So what's with all that love anyway?
To find out, I caught up with developer Michael Kennedy, who lives at the center of the Python zeitgeist. Michael hosts not one, but two podcasts devoted to Python, Talk Python to Me,
and Python Bytes. We'll throw some links in the show notes so you can check them out.
Michael and I got chatting
about how Python really hit its stride.
If you look at the analytics
and the surveys and stuff like that,
it really seems to be that 2012
is a strong inflection point.
And the most significant thing
that happened around 2012
is the data science community
switched away from
things like R, some other stuff to really focus on Python. And ever since that's happened,
there's been even more momentum there, more machine learning libraries. A lot of the popular
machine learning libraries, for example, are Python first, and then they'll consider other
languages. Yeah, that's kind of been my understanding too is when I think about Python,
I know it can be used for web development.
I know a lot of people who still use it to build web apps, but I feel like the heart of it nowadays
is more in the data science part of things.

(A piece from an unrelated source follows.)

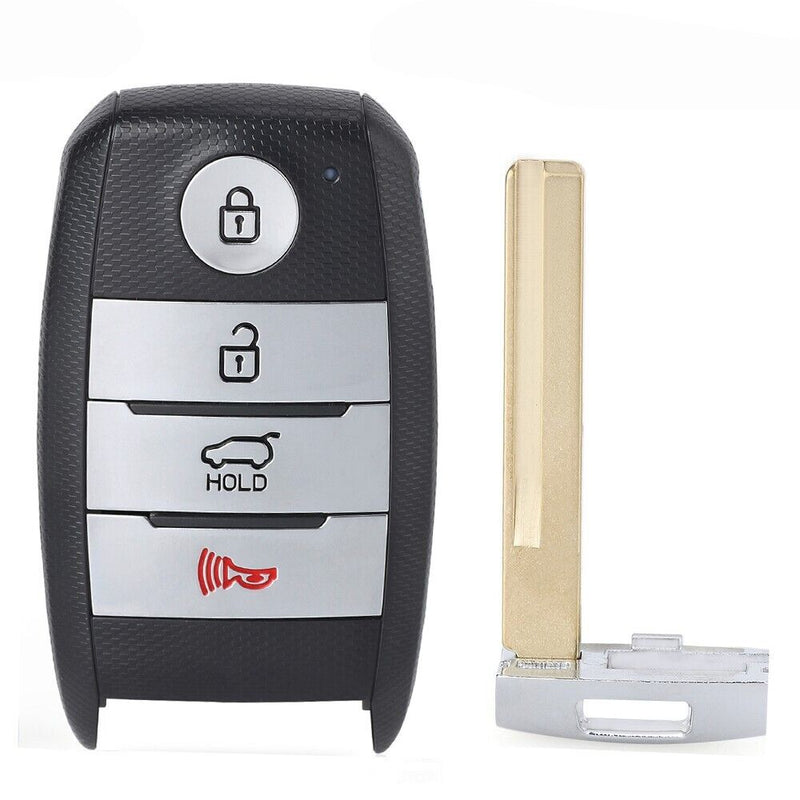 2015 - 2018 AFT Kia Sorento Llave de proximidad inteligente FCC: TQ8-FOB-4F06 / PN: 95440-C6000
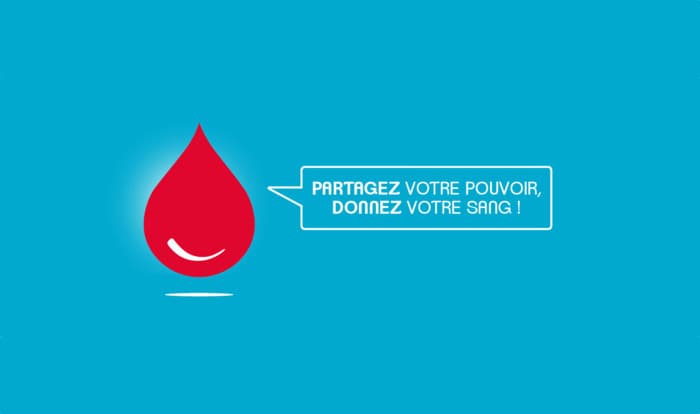 Visuel de l’événement « Don du sang »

What do you think led to that happening?
Why did the data science community leave things,
or I can't say leave, but moved away from things like R?
Right, exactly.
Yeah, where'd that come from?
So I think there's two things at play in that transition.
One of those things certainly has to do with Python being a real, in quotes,
real programming language in the sense that you can build simple things.
You can build graphs and data analysis tools and whatnot,
but you can also build Instagram and YouTube and,
you know, all these other, whereas things like R, quite literally, those are written on Python.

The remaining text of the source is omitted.